UPEK makes a fingerprint reader that is preinstalled in some laptops and is also available on separate USB fingerprint sensors. When activated, laptop owners have to press their fingertips onto the reader device in order to boot the computer or access a corporate network.
Pay By Touch offers a payment and identification service that gives consumers a secure way to identify themselves and make purchases on the Internet. That service is restricted to use from a secured computer terminal and retail locations.
The joint business service by UPEK and Pay By Touch will offer computer users integrated on-demand biometric authentication on the Internet. Under the terms of the partnership, Pay By Touch will certify UPEK sensors that are already embedded in laptops and in USB devices. Pay By Touch will also offer a TrueMe-branded and certified USB finger sensor for users that do not have sensors built-in to their PCs.
“The new service takes the concept of a token and integrates it into biometric authentication, using new hardware and software technology for remote authentication for the first time on the Internet,” Greg Goelz, vice president of marketing for UPEK, told the E-Commerce Times.
The TrueMe technology brings authentication services to individuals instead of limiting the process to a specific machine, said Goelz.
“This will have a huge advantage to e-commerce on the Internet,” he added.
The new on-demand service, which targets both individuals and businesses, will free Internet users from setting up separate passwords for different purposes.
“With TrueMe, a simple touch of the finger gives chief security officers the security they demand while giving users the simplicity they desire,” said Jon Siegal, executive vice president of Pay By Touch.
The new technology will put individual and corporate authentication on a higher security level, said UPEK.
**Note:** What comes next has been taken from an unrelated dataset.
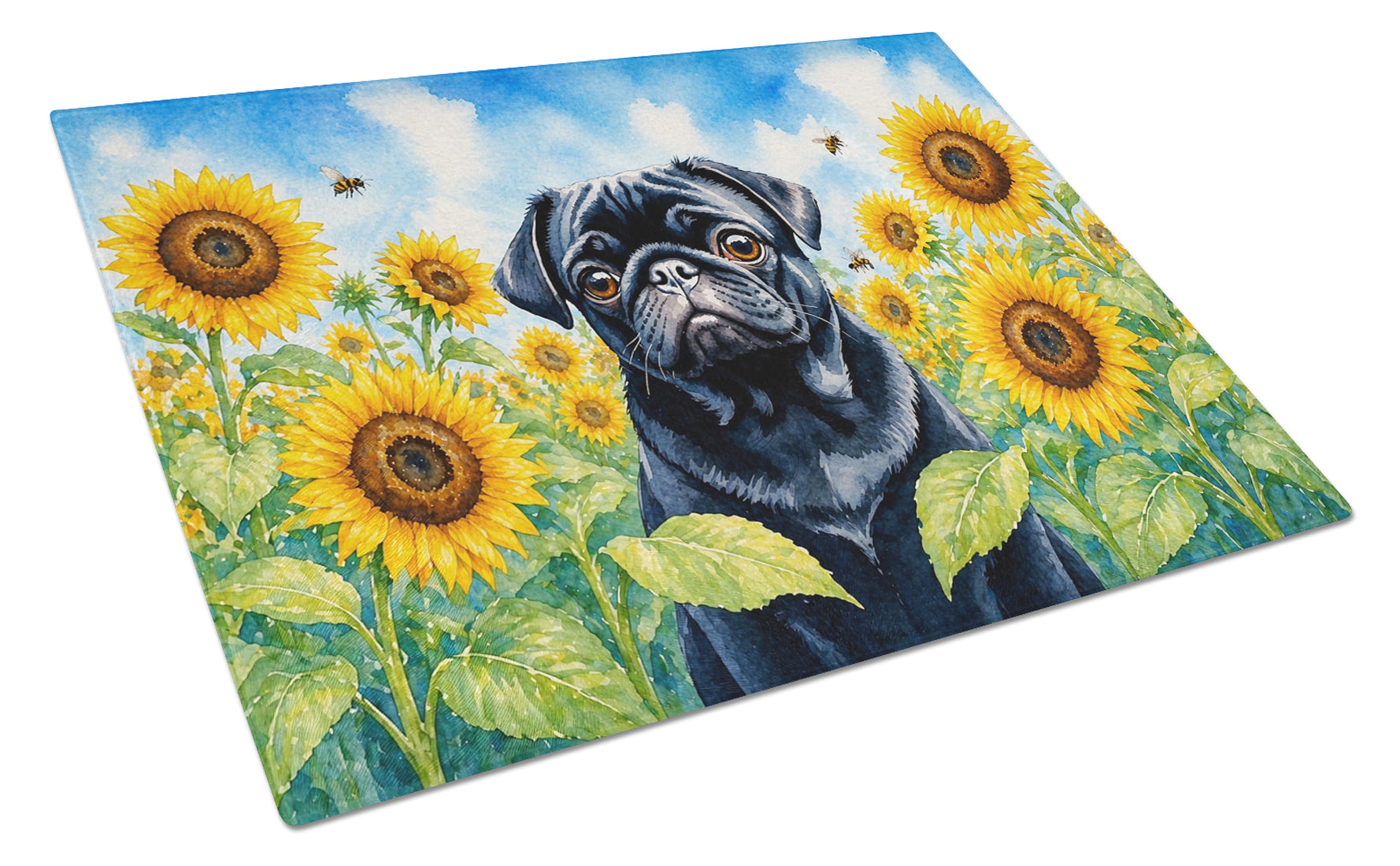 Pug in Sunflowers Cutting Board Tempered Glass Kitchen Cutting Surface, Heat Resistant Chopping Board with Non-Slip Feet, Decorative Food Prep & Serving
“The same level of hardware-based security and convenience UPEK provides to millions of users for their personal and business computers can now be extended over the Internet by creating a trusted path between businesses and their customers,” noted President and CEO Alan Kramer.
How TrueMe Works
To sign on to a TrueMe-enabled system, a user touches a TrueMe certified finger sensor built into a computer or attached as a USB device. Information about the user’s fingerprint is encrypted inside the sensor and combined with the unique device ID before it is sent to the TrueMe authentication servers.
However, the user’s information is never exposed to the computer operating system or the public Internet. So identity theft is not an issue when the device or the computer are stolen.
The TrueMe authentication servers then decrypt the information, ensuring that the user is authorized to use the specified device. The user’s authenticated identity is sent through a secure connection to the Web site or service that the customer is trying to access.
Data Protection on PC
The same finger sensor used for online authentication can also be used to protect the data on the computer, the company said.
In addition, multiple users can share the same computer by registering their individual fingers on the TrueMe sensor without compromising security. With other security devices, sharing is nearly impossible, and local data protection is not addressed, UPEK maintained.
The innovative technology eliminates the risk factor for online merchants, Goelz pointed out. “It answers the question all online merchants ask, that is, ‘How do I know the true identity of my customer?’ For online merchants, it reduces risk and thus lowers the cost of doing business on the Internet.”
TrueMe will be available in late October. Pricing will be based on a per-user, per year basis.